- **The task**
Given the records underneath, please repeat exactly the lines from the line with "A blanket with" through the line with "Hanuman Jayanti Greeting", passing over any picture.

- **Entries shown**
___
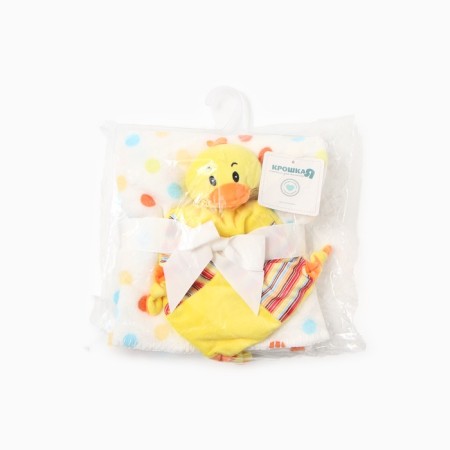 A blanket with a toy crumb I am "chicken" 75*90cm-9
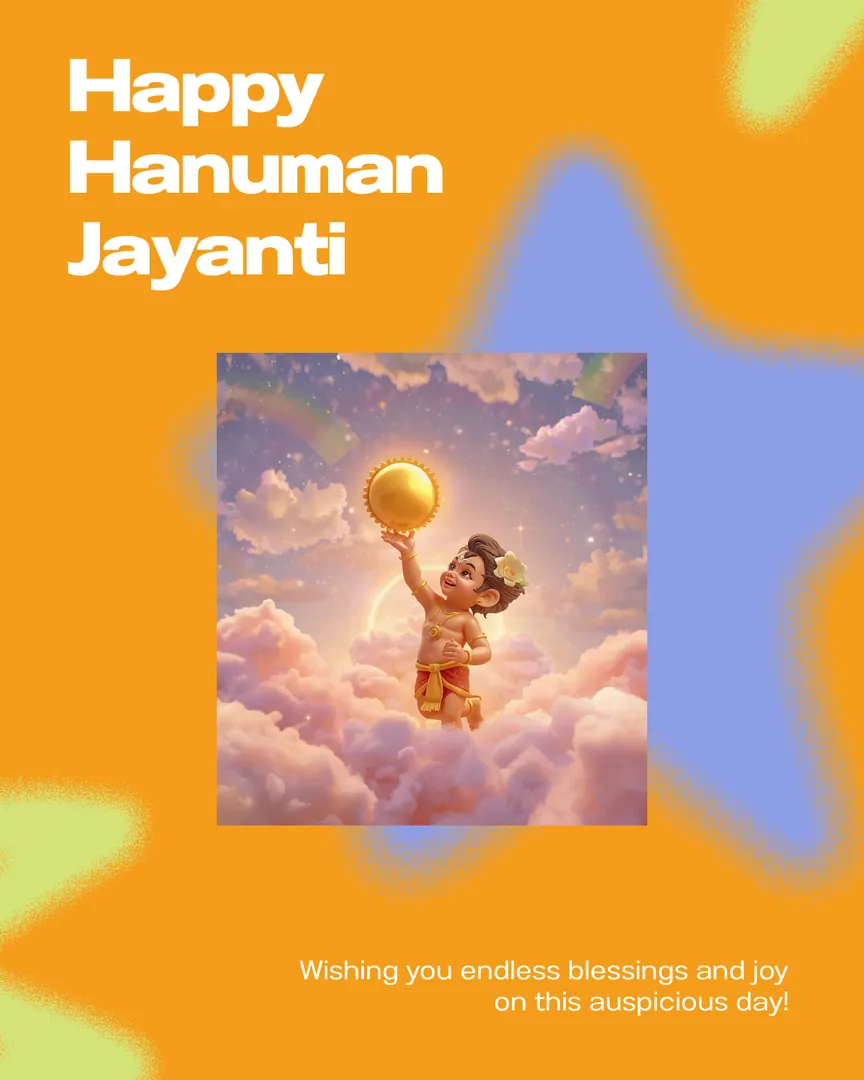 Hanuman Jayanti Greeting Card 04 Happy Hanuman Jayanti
___
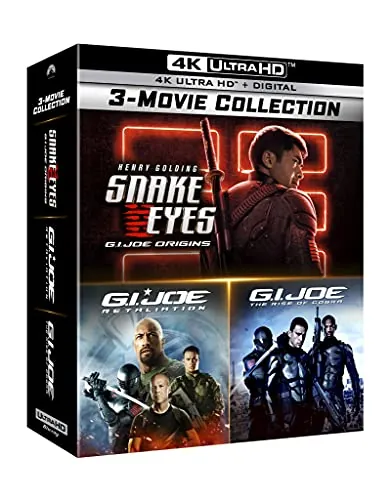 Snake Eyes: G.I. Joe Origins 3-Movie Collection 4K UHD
___
- **Response for this exercise**
 A blanket with a toy crumb I am "chicken" 75*90cm-9
 Hanuman Jayanti Greeting Card 04 Happy Hanuman Jayanti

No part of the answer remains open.